John and Hannibal, respective favorites

There on the left you see John. He baptized people.

And on the right you see Hannibal. He vanquished Romans.

John is not in my book, whereas Hannibal is its main character, but that’s neither here nor there.

I just figured out a rather exciting linguistic connection between their names. (“Exciting”, that is, if you’re a language geek.)


John comes, via Indo-European Greek and Latin, from either the (Semitic) Hebrew Yochanan or the (equally Semitic) Aramaic Youhanna. That origin is clearer in some other European languages, such as German Johann/Johannes.

And Hannibal is our transliteration of HNB’L, a Punic word. Punic was a Roman mispronunciation of Phoenician. It was the language of Carthage and of Phoenicia, and thus also Semitic.

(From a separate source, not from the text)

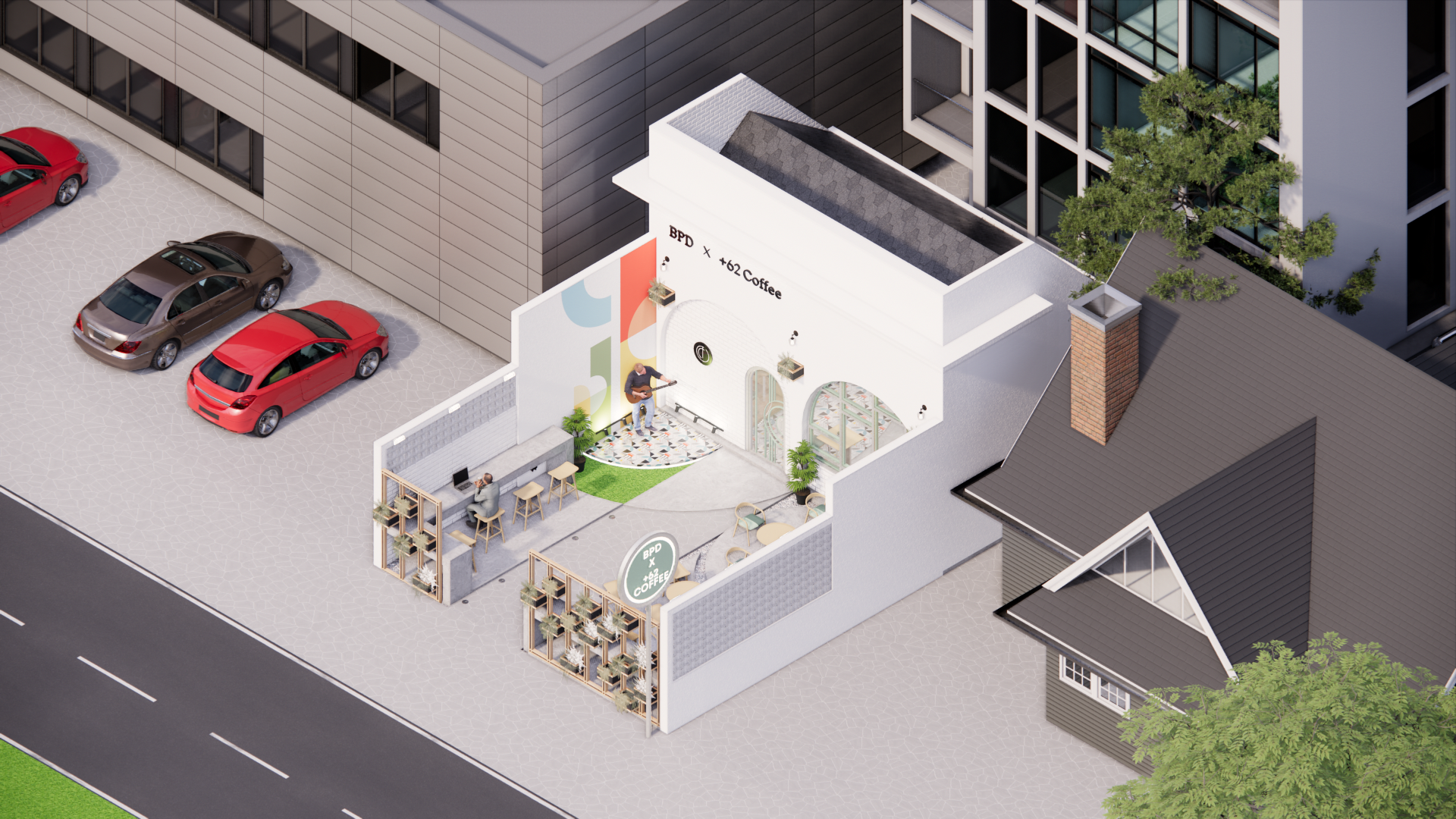 +62 咖啡店项目-6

I’ve already posted about the close family connections between Punic, Hebrew, Arabic, Aramaic and other Semitic languages, by using Hannibal’s family name, Barca, as the example. The relationship is as close as that between, say, Dutch, German and Danish, or between Spanish, Italian and Rumanian.

Favor and the gods

Now to the meaning of the two names:

According to Luke 1, 13, the angel Gabriel visited Zechariah and told him that his old and infertile wife would bear him a son and that “you shall name him John” (ie, Youhanna).

The footnote in my bible says:

The name means “Yahweh has shown favor,” an indication of John’s role in salvation history.



YOU ≡ Yahweh


HANNA ≡ Favor

As in: Yahweh’s favor.

In Hannibal’s case,

HANN(I) ≡ Favor


BAL ≡ Baal

That’s Baal (or Ba’al) as in the god that Yahweh is so jealous of in the Old Testament, because he’s one of those Semitic deities so popular in Canaan, where both Phoenicians and Jews lived.

So John was favored by one, Hannibal by the other. Name is destiny. 😉

Hannibal’s Y chromosome

Click on this map and read about the latest in this fantastic research effort called the “genographic project“. The dots show the areas of the Mediterranean with the highest frequency of the Phoenician haplotype.

They swabbed the cheeks of men from Syria and Cyprus to Malta and Morocco to have a closer look at the Y chromosome of these guys. (The Y chromosome is passed from father to son, and so a good marker of paternal descent. Mitochondrial DNA, inherited only from the mother, does the same trick for maternal descent.)

The result, as the New York Times article puts it, is that

as many as 1 in 17 men living today on the coasts of North Africa and southern Europe may have a Phoenician direct male-line ancestor…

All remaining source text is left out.